For SSH connections to hosts matching 192.168.5.*, the username youruser and key file ~/.ssh/id_ed25519_cluster are used.

When the Workstation is Outside the Cluster (Via ProxyJump)

When the workstation is outside the cluster, access compute nodes through a gateway. Using SSH's ProxyJump feature, you can connect to the gateway and compute nodes with a single command. Add the following content to ~/.ssh/config.

Host gateway
HostName 192.168.5.1
User youruser
IdentityFile ~/.ssh/id_ed25519_cluster

Host 192.168.5.*
User youruser
IdentityFile ~/.ssh/id_ed25519_cluster
ProxyJump gateway

Define the gateway connection using the host alias gateway. Add the ProxyJump gateway directive to connections to 192.168.5.*. When connecting to 192.168.5.*, the SSH client first connects to the gateway, then performs a multi-hop connection to the target node from there.

2. Registering Keys with ssh-agent (Configuration Based on Passphrase Presence)
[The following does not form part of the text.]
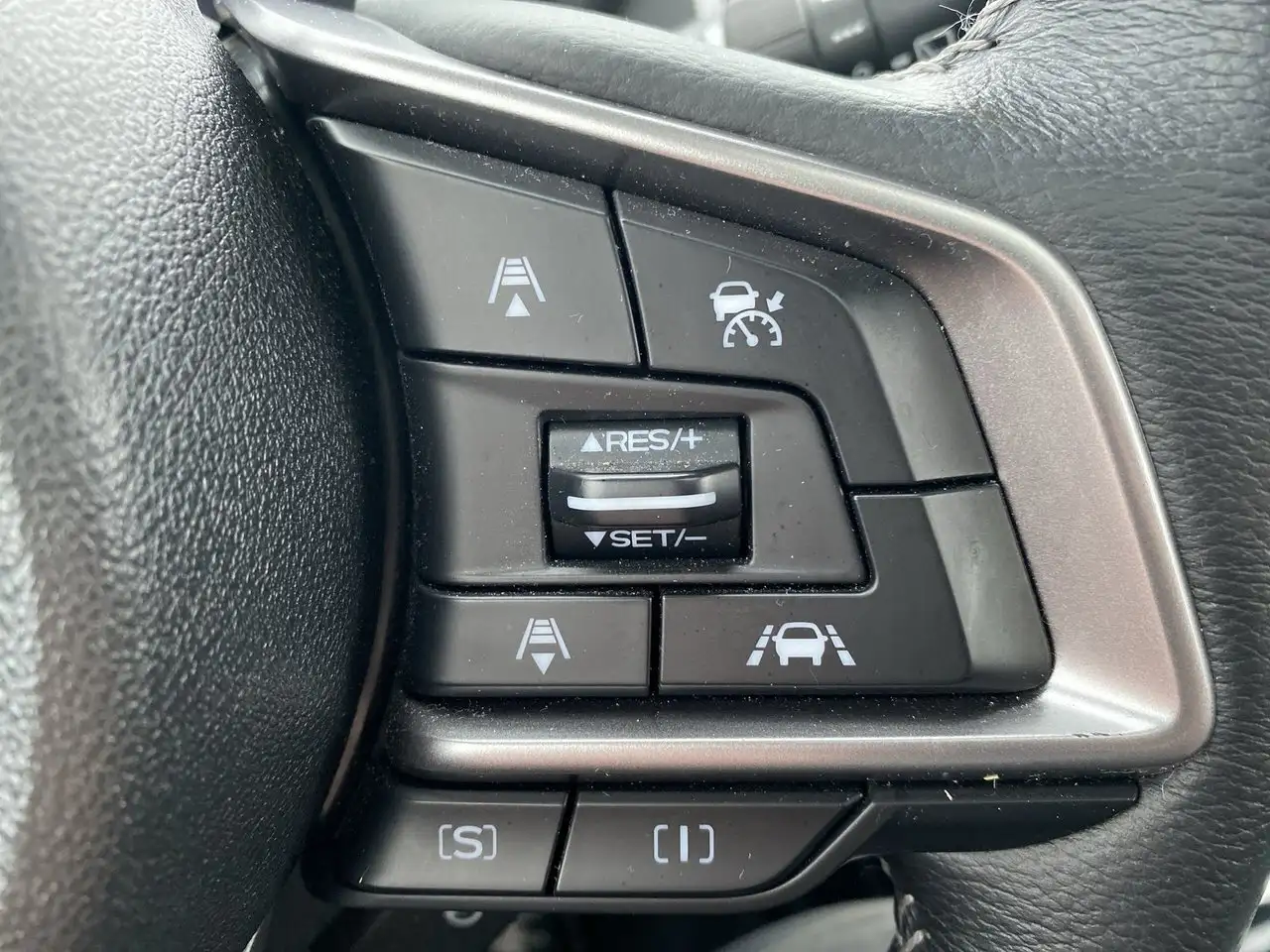 Subaru Impreza снимка Subaru Impreza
Additional configuration is required depending on whether the private key has a passphrase.

Keys Without a Passphrase

If the private key does not have a passphrase, only the ~/.ssh/config configuration is needed. Turing-workflow automatically reads and uses the key file specified in ~/.ssh/config.

Keys With a Passphrase

If the private key has a passphrase, you need to register the private key with ssh-agent in addition to the ~/.ssh/config configuration. ssh-agent is a daemon process that holds the passphrase entered by the user in memory. By registering the private key with ssh-agent, Turing-workflow can use the private key through ssh-agent, eliminating the need for passphrase input during workflow execution.

Run the following commands on your workstation to start ssh-agent and register the private key. When executing the ssh-add command, you will be prompted to enter the passphrase.

eval "$(ssh-agent -s)"
ssh-add ~/.ssh/id_ed25519_cluster
note

Ed25519 keys require ssh-agent registration. Regardless of whether they have a passphrase, Ed25519 format private keys must be registered with ssh-agent. See the Under the Hood section for the reason.

Troubleshooting

Isolating SSH Connection Problems

If SSH connection errors occur when running Turing-workflow, first test the connection to the remote node directly with the ssh command without going through Turing-workflow. If the following command succeeds, the SSH configuration is correct and the problem may be specific to Turing-workflow. If it fails, there is an issue with the SSH configuration itself.

ssh -o BatchMode=yes [email protected] "echo OK"

Solutions by Error Type

The following table shows common errors that occur when running Turing-workflow and their solutions.

ErrorCauseSolution
Connection refusedSSH server is not runningRun sudo systemctl start sshd on the remote host
Permission deniedSSH authentication failedCheck key registration with ssh-add -l and register the key with ssh-add if not registered
No route to hostNetwork unreachableCheck network configuration and firewall
Connection timed outHost not respondingCheck host status and network route
Auth failJSch could not read the keyFor Ed25519 keys, verify registration with ssh-agent using ssh-add -l

Under the Hood

How Turing-workflow Reads ~/.ssh/config

Turing-workflow uses the JSch (Java Secure Channel) library for SSH connections. JSch parses the ~/.ssh/config file and automatically applies host-specific connection settings (username, key file path, ProxyJump, etc.). If users configure settings in ~/.ssh/config, there is no need to specify connection settings individually in Turing-workflow inventory files or command-line arguments.

Why Ed25519 Keys Require ssh-agent Registration

JSch does not support directly reading Ed25519 format private key files. While JSch can directly read RSA and DSA format key files, it does not support the Ed25519 format. When using Ed25519 keys, you must register the key with ssh-agent and use the key through ssh-agent.

About BatchMode

The ssh -o BatchMode=yes option used in troubleshooting instructs the ssh command to disable interactive password input. Turing-workflow internally performs SSH connections in a mode equivalent to BatchMode. Testing connections with BatchMode accurately simulates Turing-workflow's operating environment. If you cannot connect with the ssh command using BatchMode, Turing-workflow also cannot connect.